Exercise ::
Take the records below from their first line through the line holding "KOMMODE Graphit, Wotan", and set each of those lines down exactly, without pictures.
★ ★ ★
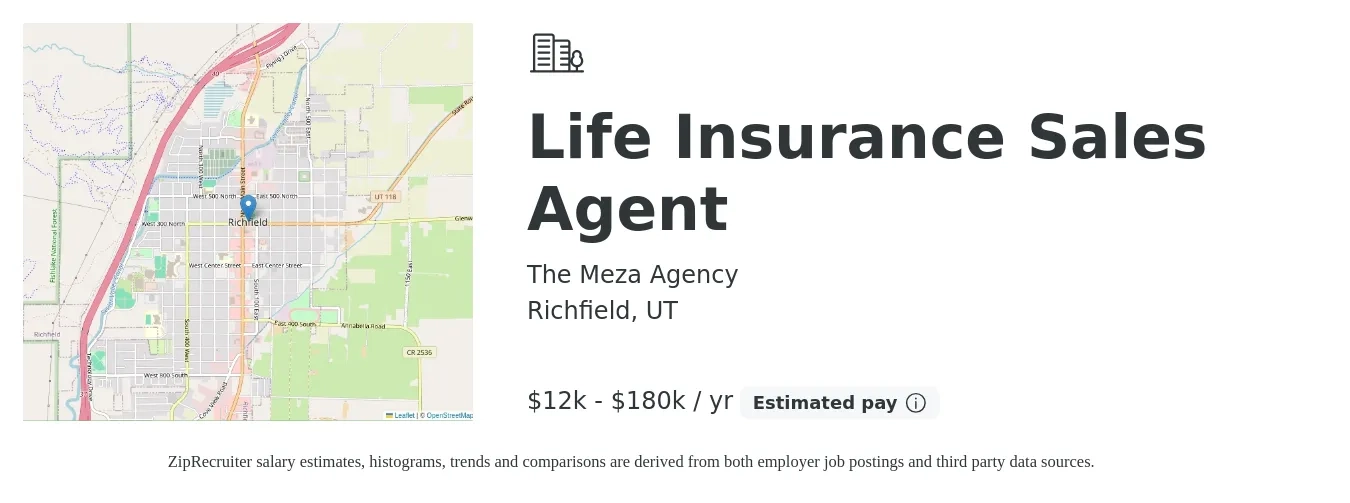 The Meza Agency job posting for a Life Insurance Sales Agent in Richfield, UT with a salary of $12,000 to $180,000 Yearly with a map of Richfield location.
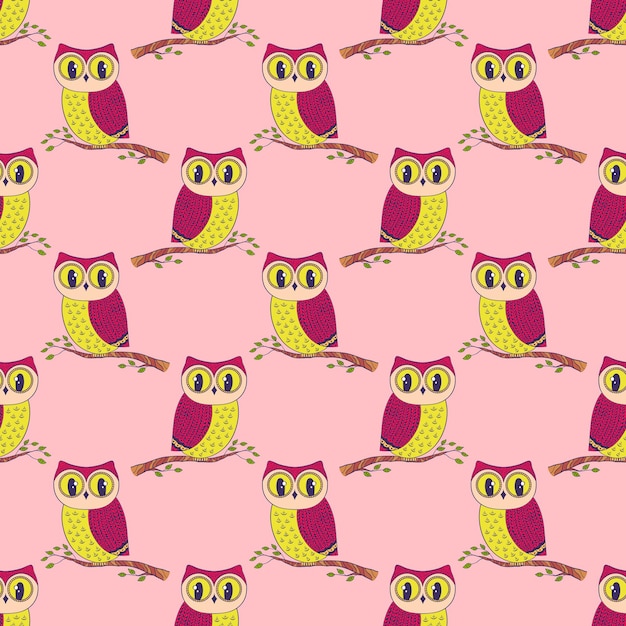 Vector seamless pattern with cute hand drawn owls background in pink and yellow colors.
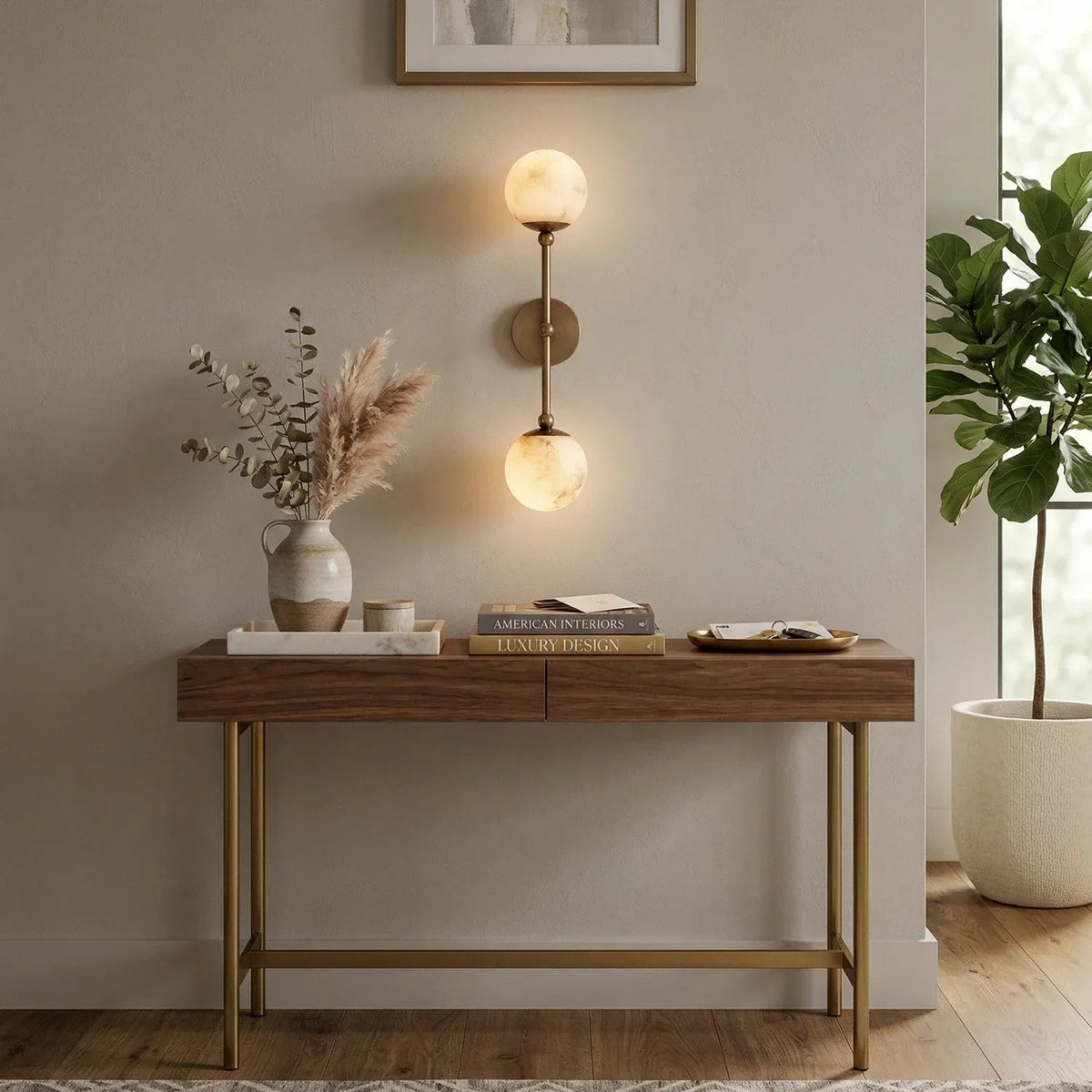 Orvelle Double Alabaster Wall Sconce
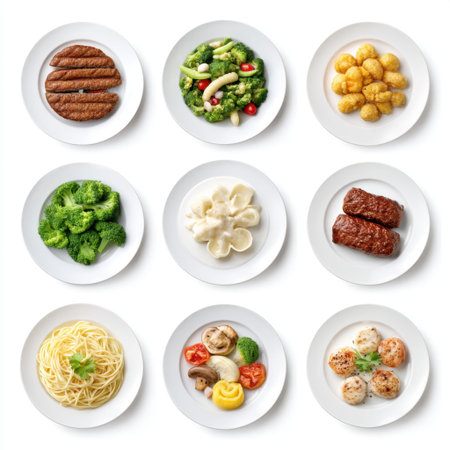 This composition showcases a variety of well-presented dishes on white plates, featuring an array of colorful and nutritious ingredients for culinary enjoyment.の素材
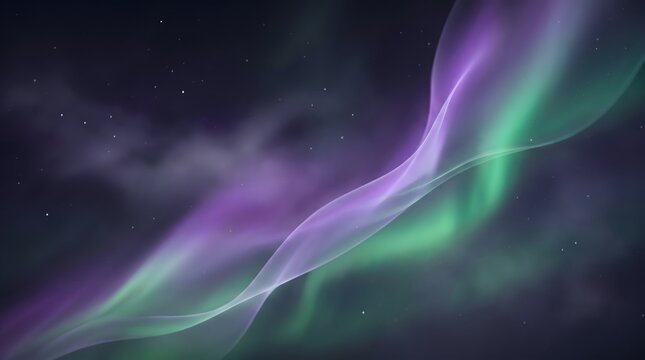 Vibrant purple and green aurora borealis lights glowing against a dark night sky background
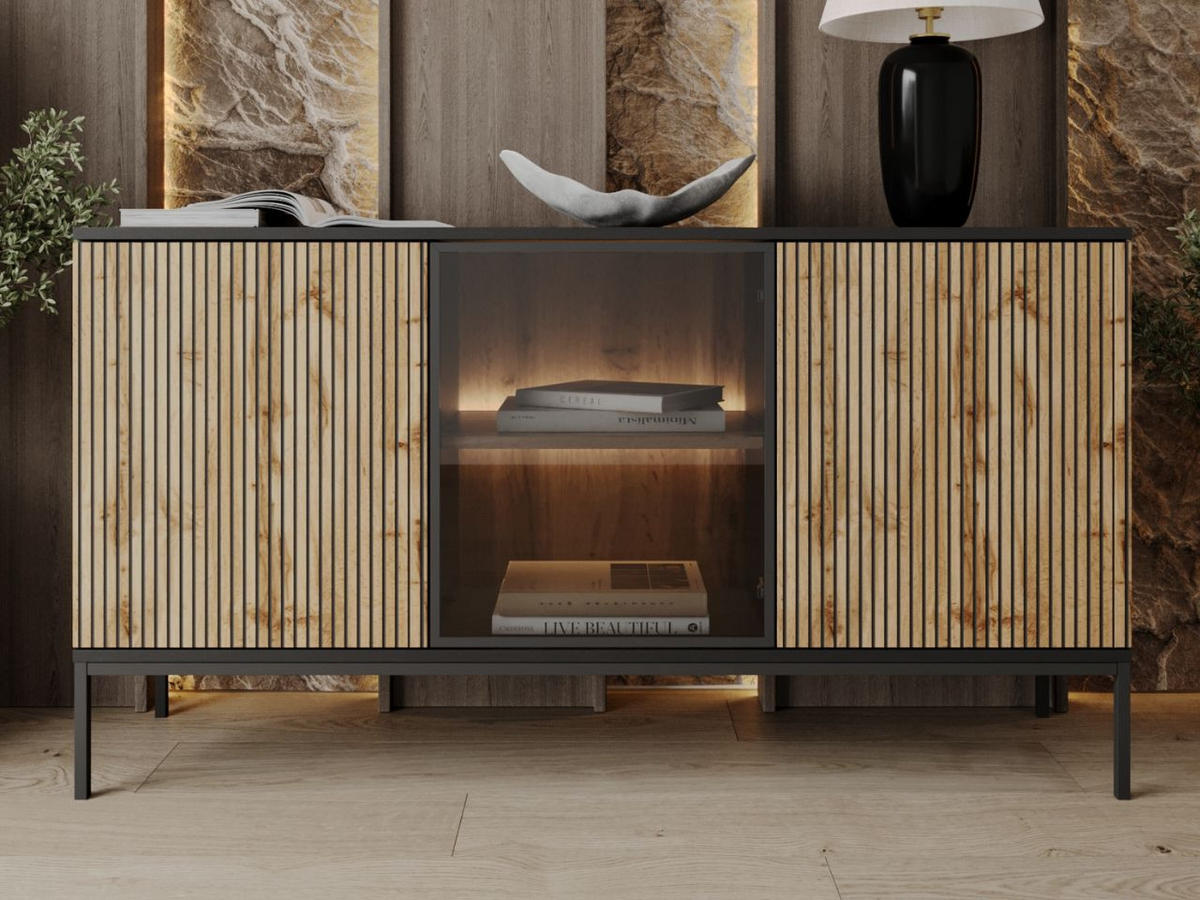 KOMMODE Graphit, Wotan Eichefarben 154/83/39 cm Deo - Eiche Wotan/Schwarz, Naturmaterialien/Glas (154/83/39cm) - Graingold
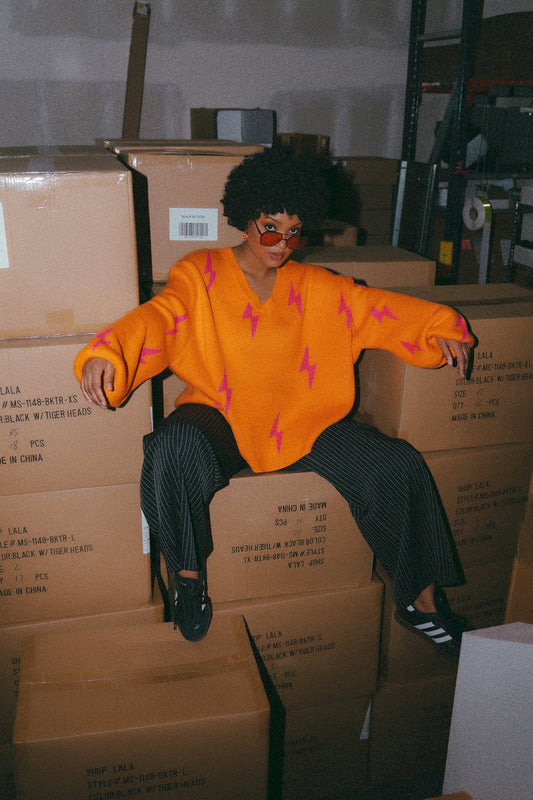 LALA ORIGINAL: Ultra Lala Oversized Lightning Bolt Knit in Pink + Orange - Dressed in Lala
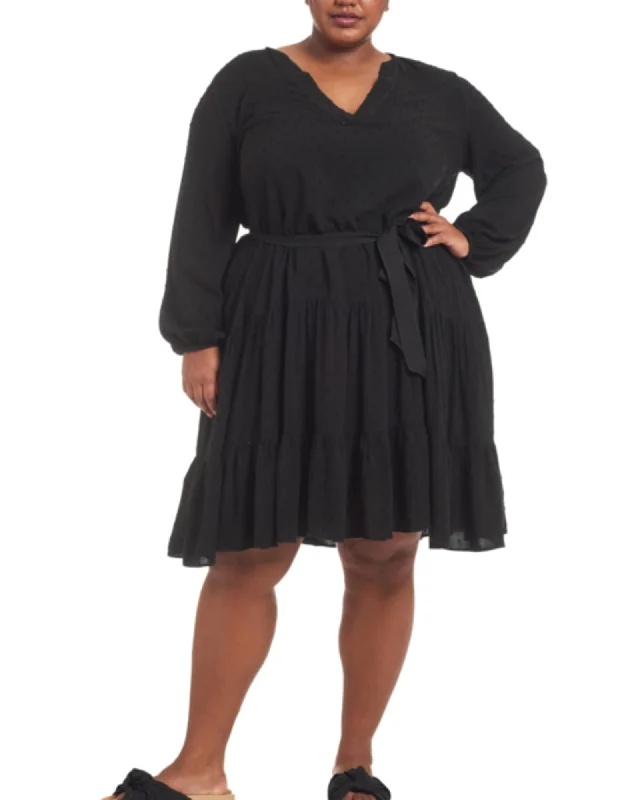 Tiered Dobby Dress | BLACK Fall unclassified dresses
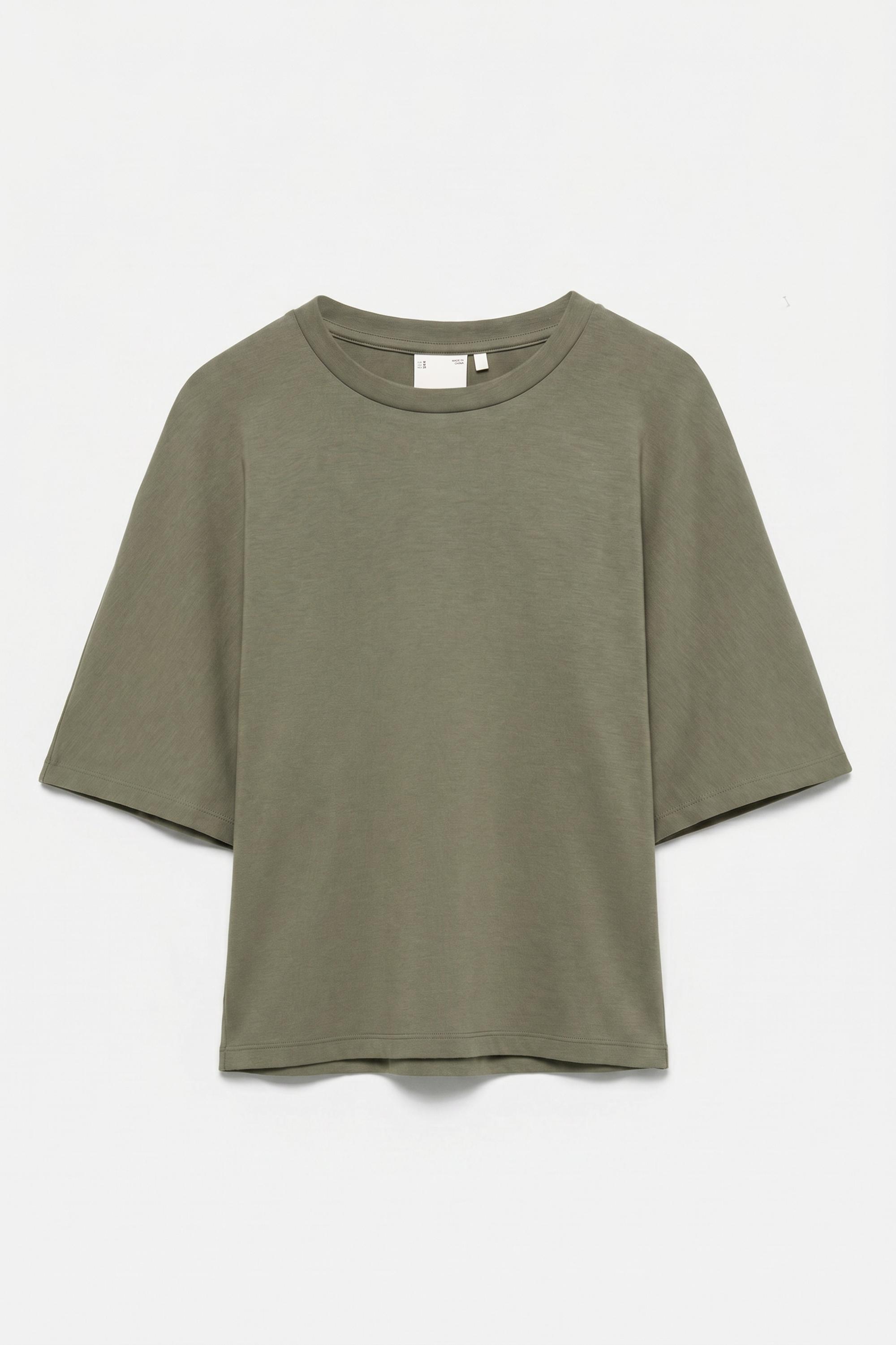 Modal-blend boxy T-shirt — Khaki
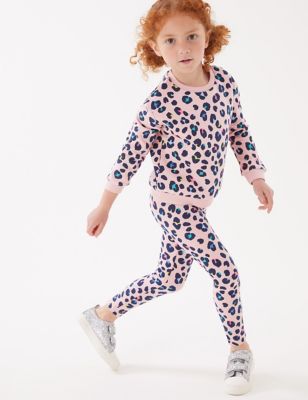 Cotton Rich Leopard Top & Bottom Outfit (2-7 Yrs)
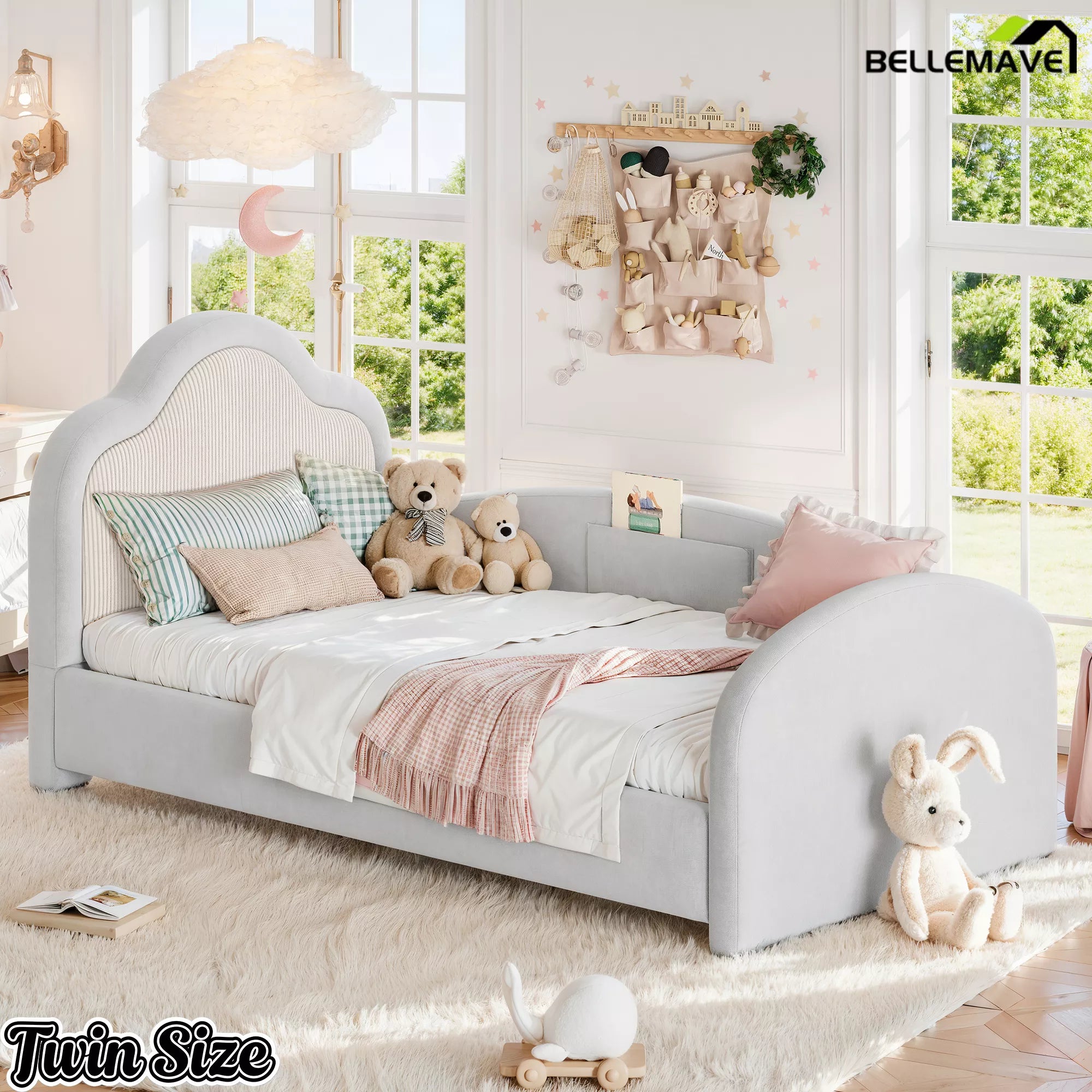 Twin Size Upholstered Floor Bed with Curved Headboard Gray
★ ★ ★
Exercise solution ::
 The Meza Agency job posting for a Life Insurance Sales Agent in Richfield, UT with a salary of $12,000 to $180,000 Yearly with a map of Richfield location.
 Vector seamless pattern with cute hand drawn owls background in pink and yellow colors.
 Orvelle Double Alabaster Wall Sconce
 This composition showcases a variety of well-presented dishes on white plates, featuring an array of colorful and nutritious ingredients for culinary enjoyment.の素材
 Vibrant purple and green aurora borealis lights glowing against a dark night sky background
 KOMMODE Graphit, Wotan Eichefarben 154/83/39 cm Deo - Eiche Wotan/Schwarz, Naturmaterialien/Glas (154/83/39cm) - Graingold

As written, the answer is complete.